His business REEL Memories has a catalogue of thousands of titles, many of which you will have trouble finding online or anywhere else.

Orange City Life once again sat down with Mal, this time to talk classic westerns.

O.K. Let's saddle up and hit the dusty trails! So first, no one was more synonymous with western movies than the actor John Wayne. He made so many great films — and quite a few bad ones early ones in his career —the list is endless but we'll cover just a few here.

His career really starts off in 1939 with the classic John Ford directed Stagecoach. He’d done many prior to that, but Stagecoach really changed the Western genre and from this period on his whole career changed and he went on to be a major star.

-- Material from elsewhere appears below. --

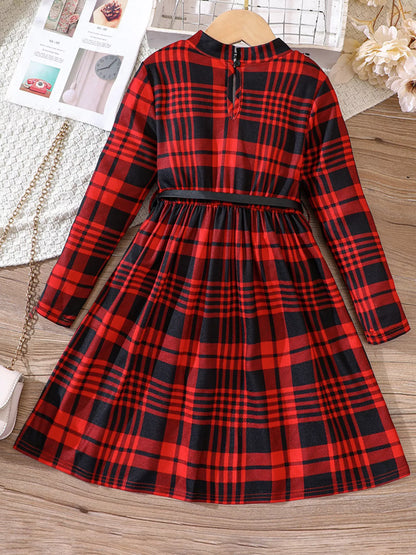 Children's Plaid Print Long Sleeve Dress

John Ford made some of his best films, like the Cavalry trilogy, which a lot of people would remember; Fort Apache being the first one in 1948 and She Wore a Yellow Ribbon 1949, and finally  Rio Grande in 1950, but there were so many great Ford films.

The searcher is still a classed as a classic. It was a big colour production from Joh Ford in 1956 with John Wayne, Jeffrey Hunter Ward Bond, and a young Natalie Wood. It also had Patrick Wayne, John Wayne's son, who was in a number of his films.

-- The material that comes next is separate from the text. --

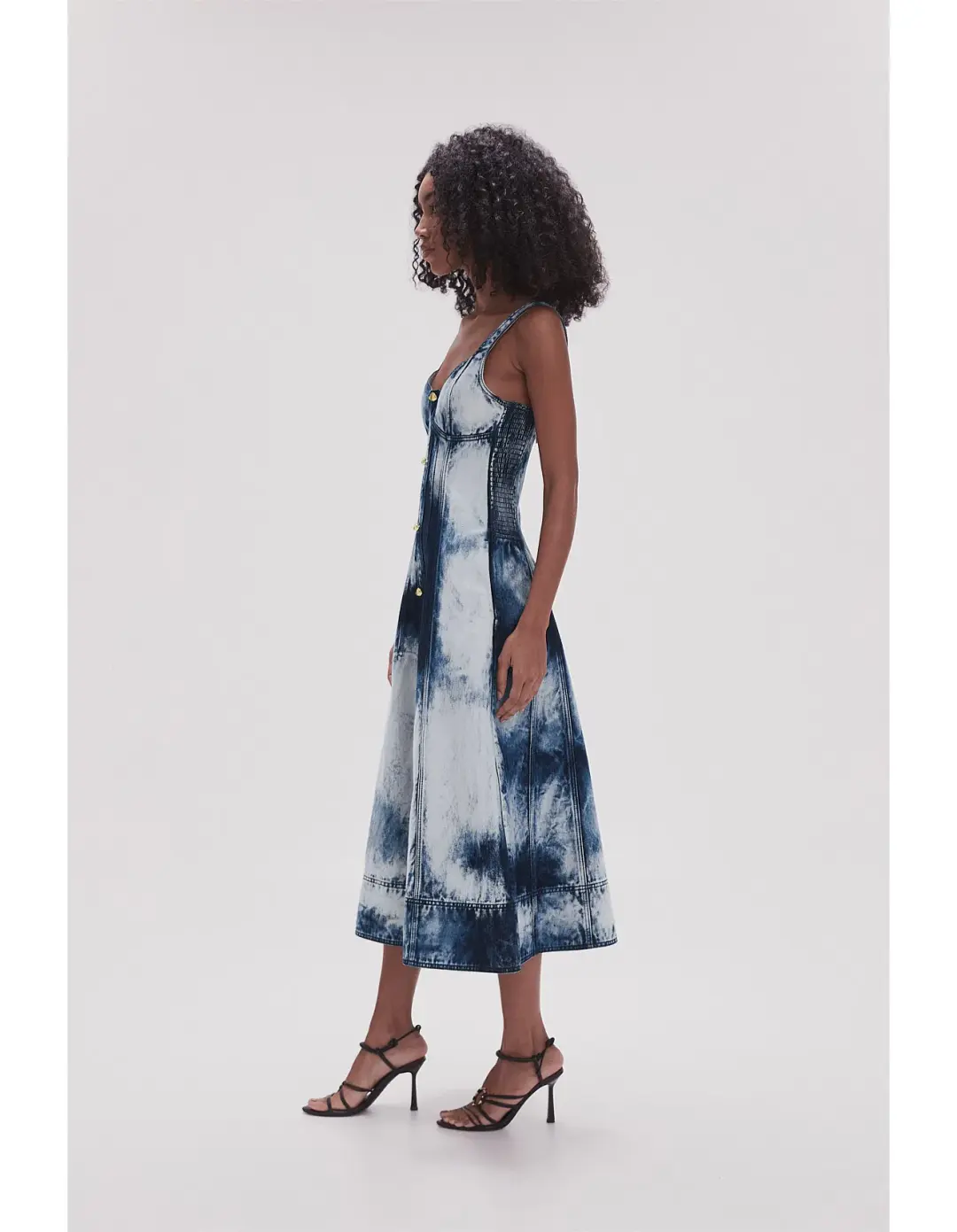 Aje Enigma Denim Midi Dress Print Size 6 for rent on The Volte - main image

In 1953, he made an interesting one for his own new production company called Hondo. It was originally shot in 3D and starred John Wayne and Geraldine Page, who was actually a stage actress, and this was her first screen appearance. It also had Australia’s own Michael Pate, who would go on about a decade later to be in another John Wayne western call McLintock.

Wayne’s last film was in 1976 and he went out with a bang in that one because he had a lot of his friends, including actors James Stewart, Richard Boon (from the TV series Have Gun, Will Travel), Hugh O’Brien, who famously played Wyatt Earp, and Lauren Bacall. It also had a very Young Ron Howard and Harry Morgan, who people would remember as Colonel Potter in the series M.A.S.H.

We'll leave Wayne now and let's fly back to a black and white 1952 film and one of the all-time classics High Noon. A real ‘good against evil’ story with Gary Cooper, Grace Kelly, and Lloyd Bridges, who was in numerous of westerns.

In 1957 Burt Lancaster was in the famous Hollywood retelling of the Gunfight at O.K. Corral with Kirk Douglas and playing one of the Earp brothers was an actor DeForest Kelley, better known for playing Bones in the original Star Trek. Some of the things in the movie never actually happened, but it made for a good rollicking western!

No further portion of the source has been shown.